ある出版関係者がそう話す「最後のチャンス」というのが、中川正春衆院議員が座長を務める「印刷文化・電子文化の基盤整備勉強会」、通称・中川勉強会が今年6月に発表した「中間まとめ」に記載されている著作権法改正についてである。それによると、「出版者に対して著作隣接権(「(仮称)出版物に関する権利」)を速やかに設定することが妥当」との結論を経て、早ければ来年の通常国会で、議員立法による著作権法改正に臨むとしている。さらに、超党派の議員で結成され、『国民の生活が第一』代表代行の山岡賢次氏が会長を務める『活字文化議員連盟』もこれに賛同する声明を発表した。
なぜ、いま出版社は躍起になって、出版界版著作隣接権(本記事では以後、著作隣接権とする)の獲得を目指しているのか?
この事態の発端は2009年に話題となった「グーグルブック検索和解問題」にまで遡る。この問題は、グーグルがアメリカで「図書館プロジェクト」と称して、フェアユースという権利を主張し、主に大学図書館に所蔵されている書物を勝手にスキャンしてデータベース化していたことに対して、アメリカの複数の出版社が「著作権侵害に当たる」としてグーグルを提訴。08年に両者は和解したのだが、その一方でグーグルは「この訴訟は、原告が利害関係者の全員を代表して訴える『集団訴訟』(クラスアクション)である」として、全世界の出版者に対して、「期限内に(データベース化に)『no』と言わないと、自動的に図書館プロジェクトに参加するとみなす」と通告してきたのだ。
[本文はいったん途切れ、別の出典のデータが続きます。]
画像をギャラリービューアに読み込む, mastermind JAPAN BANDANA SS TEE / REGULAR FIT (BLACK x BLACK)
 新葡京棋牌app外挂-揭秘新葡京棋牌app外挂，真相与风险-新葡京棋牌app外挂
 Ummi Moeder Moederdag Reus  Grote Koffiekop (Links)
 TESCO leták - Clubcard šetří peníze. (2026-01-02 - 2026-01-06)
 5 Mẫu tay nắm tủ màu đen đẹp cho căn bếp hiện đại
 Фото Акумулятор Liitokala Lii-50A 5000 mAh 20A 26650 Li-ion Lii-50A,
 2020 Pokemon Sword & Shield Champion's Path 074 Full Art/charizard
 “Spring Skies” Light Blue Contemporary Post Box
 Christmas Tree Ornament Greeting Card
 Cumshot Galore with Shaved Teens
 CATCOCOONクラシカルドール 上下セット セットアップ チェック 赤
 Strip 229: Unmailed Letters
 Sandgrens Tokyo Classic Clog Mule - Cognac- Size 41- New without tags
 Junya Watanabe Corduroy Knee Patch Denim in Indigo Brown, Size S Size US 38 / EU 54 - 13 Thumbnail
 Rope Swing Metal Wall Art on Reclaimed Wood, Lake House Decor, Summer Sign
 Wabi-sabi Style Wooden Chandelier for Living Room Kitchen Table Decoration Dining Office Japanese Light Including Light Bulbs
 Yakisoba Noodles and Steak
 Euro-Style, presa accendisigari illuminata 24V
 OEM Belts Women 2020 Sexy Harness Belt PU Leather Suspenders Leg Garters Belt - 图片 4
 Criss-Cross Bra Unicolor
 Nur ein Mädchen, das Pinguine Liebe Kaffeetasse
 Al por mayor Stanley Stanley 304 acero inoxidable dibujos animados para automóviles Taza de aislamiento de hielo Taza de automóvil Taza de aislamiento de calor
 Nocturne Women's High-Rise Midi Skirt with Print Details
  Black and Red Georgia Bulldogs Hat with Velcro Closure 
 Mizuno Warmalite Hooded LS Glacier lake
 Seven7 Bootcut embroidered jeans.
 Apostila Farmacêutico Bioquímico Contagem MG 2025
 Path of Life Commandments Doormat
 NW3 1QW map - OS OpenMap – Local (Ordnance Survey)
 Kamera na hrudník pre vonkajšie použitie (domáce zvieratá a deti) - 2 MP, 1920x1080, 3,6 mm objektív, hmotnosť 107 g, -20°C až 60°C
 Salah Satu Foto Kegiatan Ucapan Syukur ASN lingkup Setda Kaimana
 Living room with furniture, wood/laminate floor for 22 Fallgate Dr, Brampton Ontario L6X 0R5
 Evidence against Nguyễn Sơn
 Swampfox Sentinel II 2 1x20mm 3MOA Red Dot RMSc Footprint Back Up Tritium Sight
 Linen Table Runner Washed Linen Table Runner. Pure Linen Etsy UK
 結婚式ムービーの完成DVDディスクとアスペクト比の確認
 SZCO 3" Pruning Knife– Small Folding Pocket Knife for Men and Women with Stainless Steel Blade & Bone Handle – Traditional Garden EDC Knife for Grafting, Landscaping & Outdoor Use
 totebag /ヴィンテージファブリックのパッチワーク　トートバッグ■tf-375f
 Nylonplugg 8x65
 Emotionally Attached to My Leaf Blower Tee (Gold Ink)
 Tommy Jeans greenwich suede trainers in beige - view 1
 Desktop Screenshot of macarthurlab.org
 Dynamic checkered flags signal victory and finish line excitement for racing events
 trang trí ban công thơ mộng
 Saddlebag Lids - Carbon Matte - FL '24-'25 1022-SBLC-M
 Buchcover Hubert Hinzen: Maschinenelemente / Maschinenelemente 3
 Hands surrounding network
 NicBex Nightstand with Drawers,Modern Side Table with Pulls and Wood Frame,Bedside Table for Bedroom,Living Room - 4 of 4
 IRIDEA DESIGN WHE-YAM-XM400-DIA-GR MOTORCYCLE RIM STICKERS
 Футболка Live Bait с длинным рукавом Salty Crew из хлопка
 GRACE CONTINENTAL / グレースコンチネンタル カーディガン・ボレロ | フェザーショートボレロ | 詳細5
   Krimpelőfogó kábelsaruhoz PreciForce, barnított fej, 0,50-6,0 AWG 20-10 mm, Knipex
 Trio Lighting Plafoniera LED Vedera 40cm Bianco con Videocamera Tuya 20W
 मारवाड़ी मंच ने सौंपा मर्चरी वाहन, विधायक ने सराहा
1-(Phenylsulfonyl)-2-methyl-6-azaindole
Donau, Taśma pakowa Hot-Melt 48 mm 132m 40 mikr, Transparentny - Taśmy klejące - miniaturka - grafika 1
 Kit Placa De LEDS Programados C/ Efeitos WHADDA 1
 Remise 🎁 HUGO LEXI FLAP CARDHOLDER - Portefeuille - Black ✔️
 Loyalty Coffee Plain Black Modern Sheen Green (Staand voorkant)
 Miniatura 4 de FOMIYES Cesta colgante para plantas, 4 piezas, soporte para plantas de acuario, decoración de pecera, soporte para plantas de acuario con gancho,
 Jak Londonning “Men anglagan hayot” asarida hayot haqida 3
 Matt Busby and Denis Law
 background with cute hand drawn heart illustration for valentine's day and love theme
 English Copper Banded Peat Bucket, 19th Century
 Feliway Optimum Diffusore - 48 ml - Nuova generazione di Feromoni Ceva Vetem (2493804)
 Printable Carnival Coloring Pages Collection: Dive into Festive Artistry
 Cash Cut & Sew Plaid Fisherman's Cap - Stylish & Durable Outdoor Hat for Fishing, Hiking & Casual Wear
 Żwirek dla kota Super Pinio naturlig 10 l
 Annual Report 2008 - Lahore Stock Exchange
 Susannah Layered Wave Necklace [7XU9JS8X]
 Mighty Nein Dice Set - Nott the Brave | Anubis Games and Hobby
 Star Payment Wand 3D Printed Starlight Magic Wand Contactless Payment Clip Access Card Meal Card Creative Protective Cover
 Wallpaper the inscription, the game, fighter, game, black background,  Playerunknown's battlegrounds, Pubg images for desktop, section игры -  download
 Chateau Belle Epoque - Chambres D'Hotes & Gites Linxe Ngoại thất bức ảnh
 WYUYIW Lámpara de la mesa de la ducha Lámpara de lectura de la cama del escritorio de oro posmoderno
「アメリカの一私企業が世界の書物=文化を私物化するのか!」と、グーグルの横暴なやり方に危機感を抱いた日本の出版界は、日本政府を巻き込んで、すぐさま対応を検討。その結果、2010年に総務省、文部科学省、経済産業省が合同で「デジタル・ネットワーク社会における出版物の利活用の推進に関する懇談会」(通称・3省デジタル懇談会)を立ち上げるに至った。そこで検討された議題のひとつに「出版者への権利付与に関する検討」(文部科学省担当)があったのだ。
著作隣接権は、著作物の創作者ではないが、著作物の伝達に重要な役割を果たしている者に認められた権利。出版界が想定しているこの権利が認められれば、許諾なくアップストアで違法配信されている電子書籍や紙の海賊版の取り締まりなどができるようになる。音楽の分野では当たり前にある権利だが、出版界がこれを有する国はない。